[Brief descriptive captions]
[Start of section]

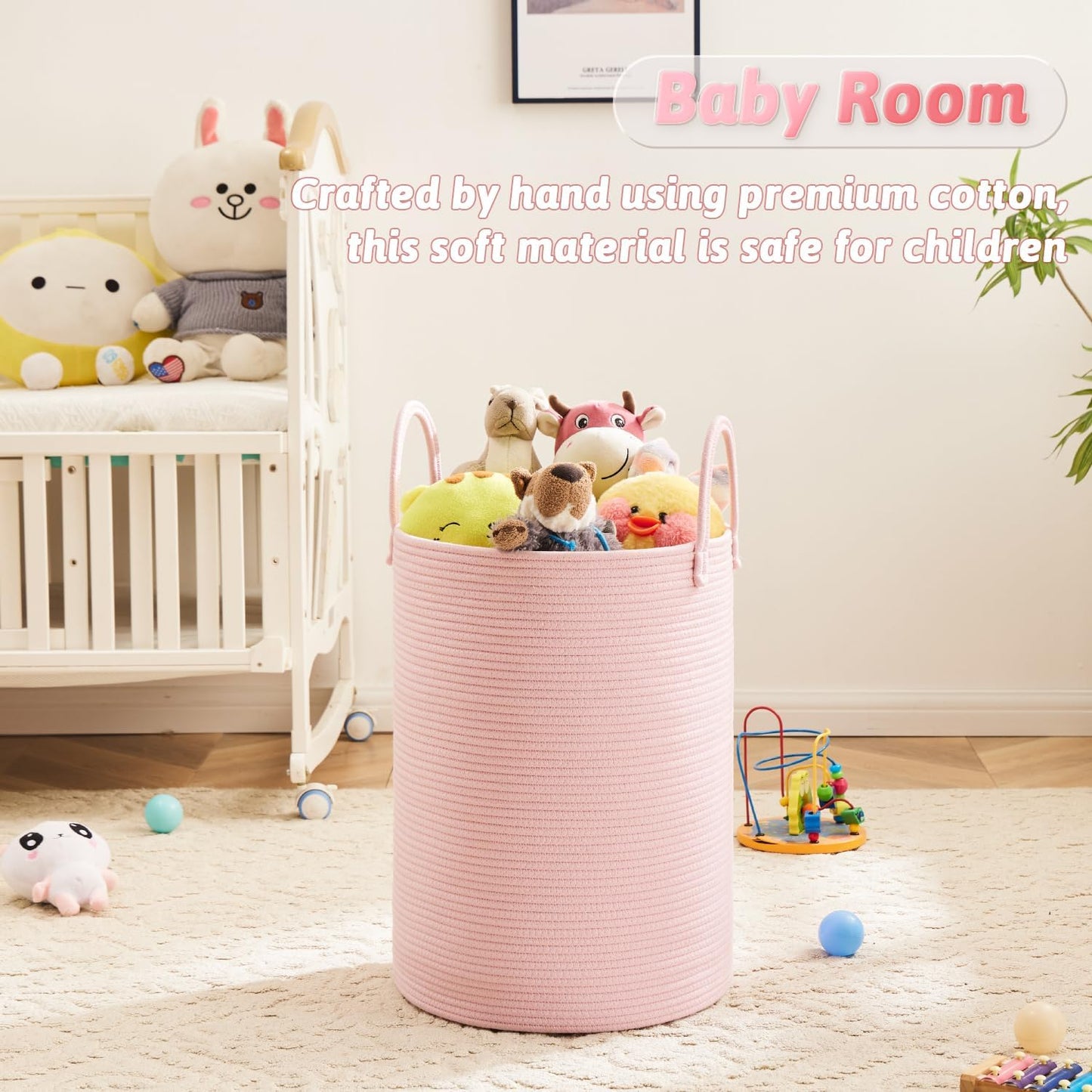 Artfeel Laundry Basket,Woven Cotton Rope Laundry Hamper,60L for Decor Storage of Dirty Clothes,Toys and Blankets in Bathroom,Baby Room and Living Room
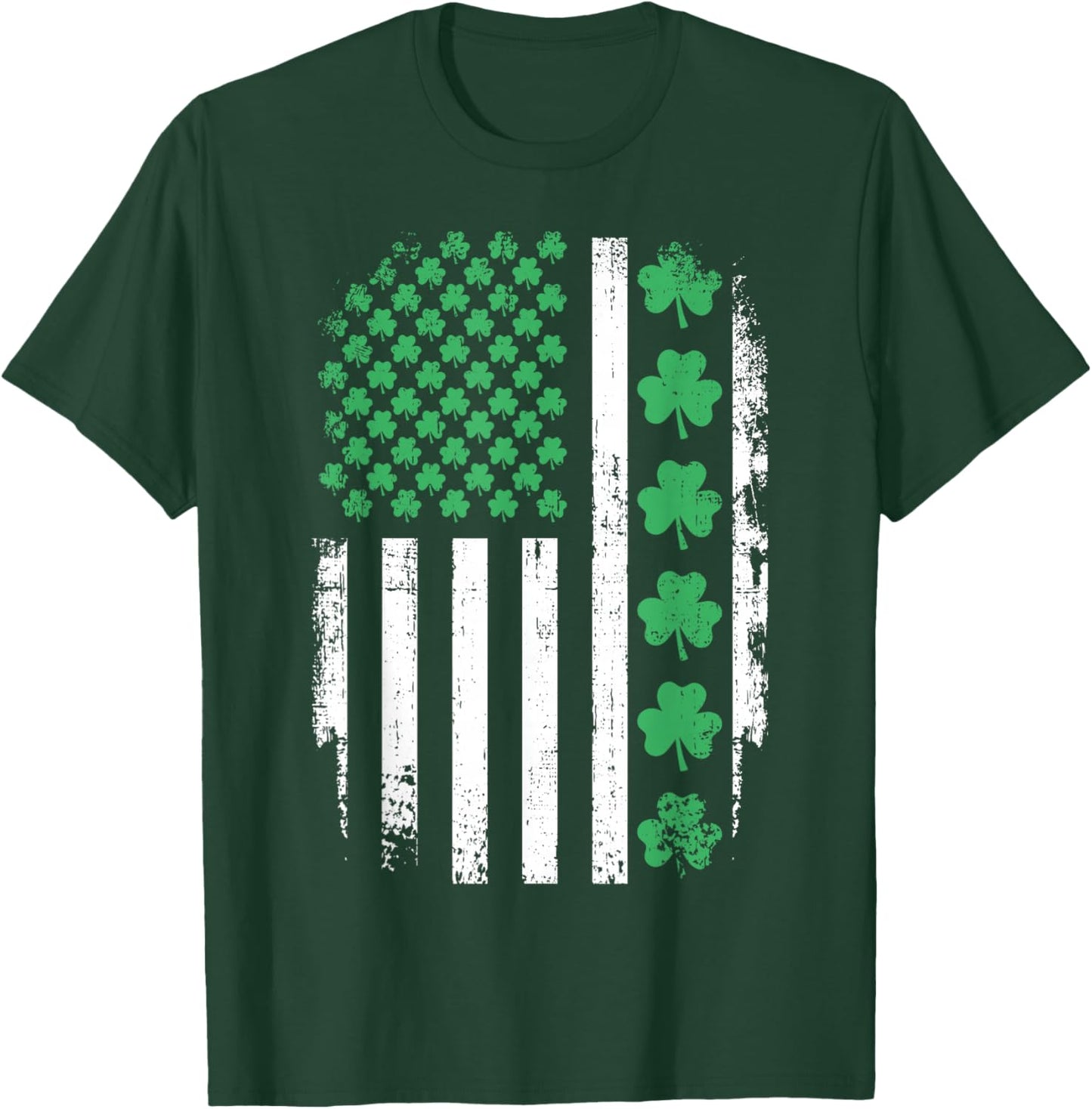US American Flag with Shamrocks for St Patricks Day T-Shirt - T-Shirt | Forest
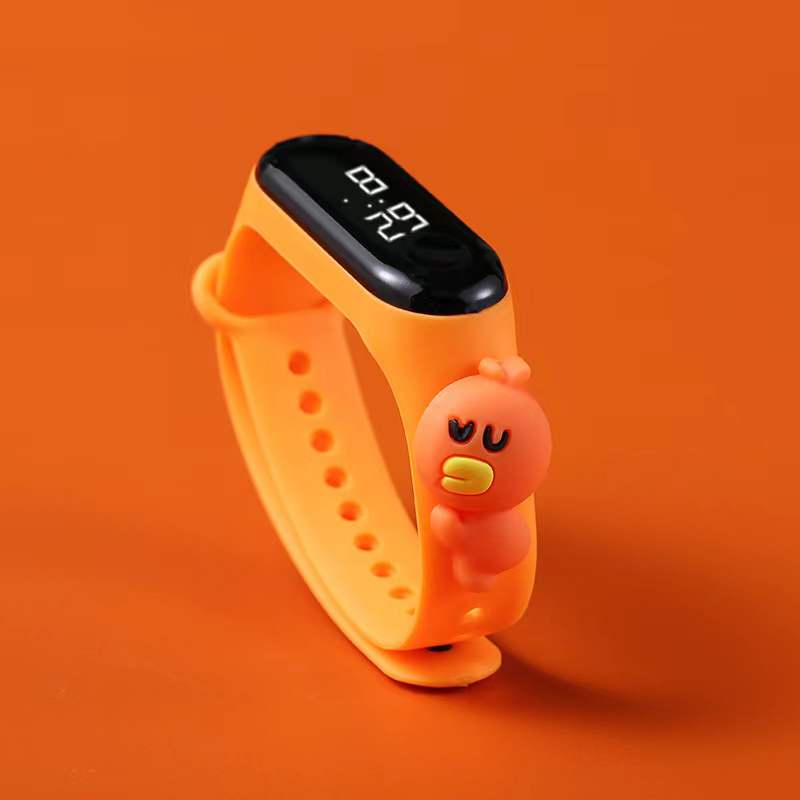 Jam Tangan LED Digital IP67 Anti Air Motif Kartun Anak Laki-laki Perempuan LED Minimalis Gelang-random2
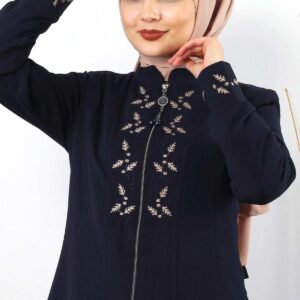 Women’s Embroidered Navy Blue Modest Abaya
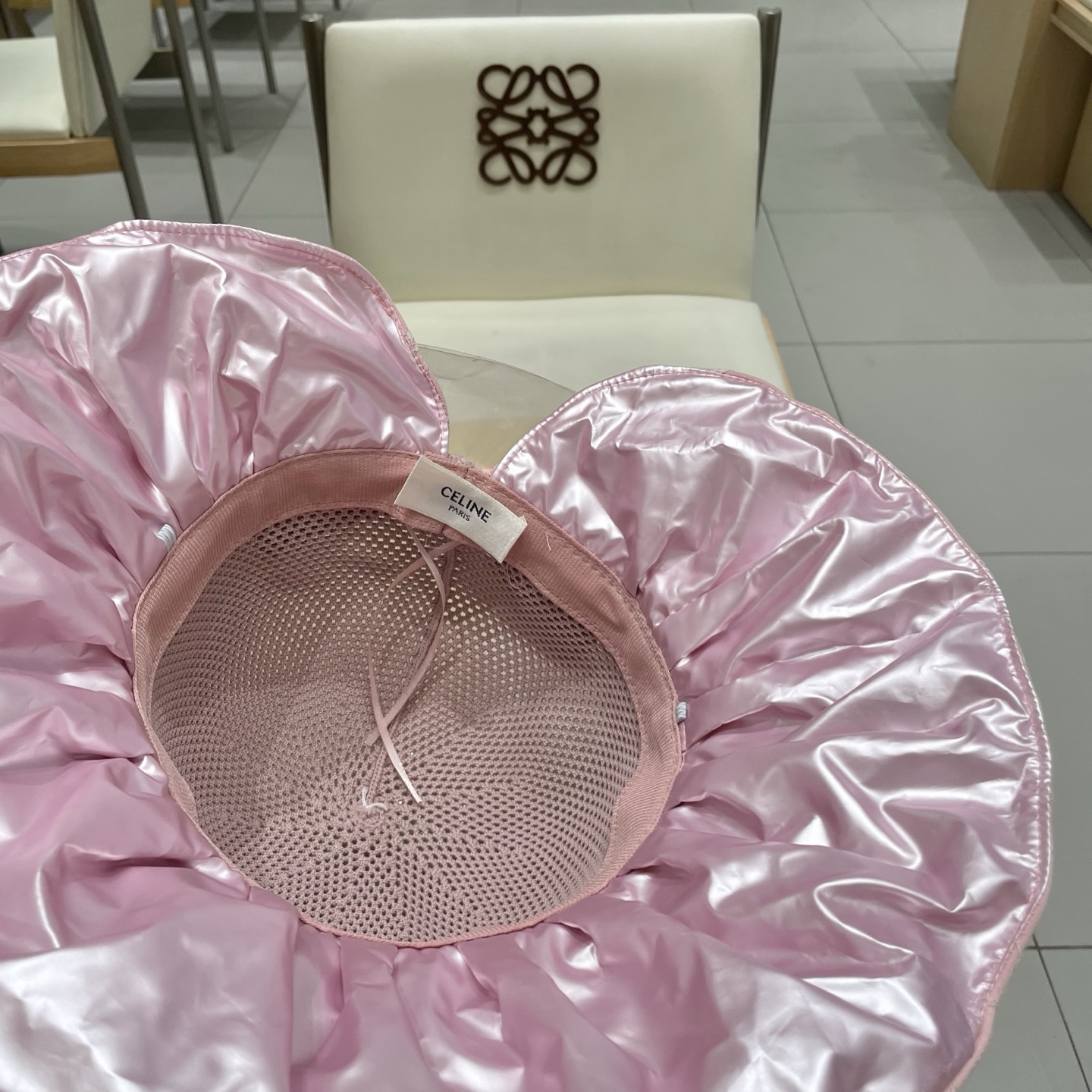 celine塞琳遮阳帽女2025新款彩胶防晒帽透气帽子防紫外线可折叠大沿太阳帽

[End of section]

EXERCISE DESCRIPTION: Your task is to retype the lines running from the one that contains "US American Flag" through the end of the records, and nothing else. Pictures are not part of the copy.

ANSWER BELOW:
US American Flag with Shamrocks for St Patricks Day T-Shirt - T-Shirt | Forest
 Jam Tangan LED Digital IP67 Anti Air Motif Kartun Anak Laki-laki Perempuan LED Minimalis Gelang-random2
 Women’s Embroidered Navy Blue Modest Abaya
 celine塞琳遮阳帽女2025新款彩胶防晒帽透气帽子防紫外线可折叠大沿太阳帽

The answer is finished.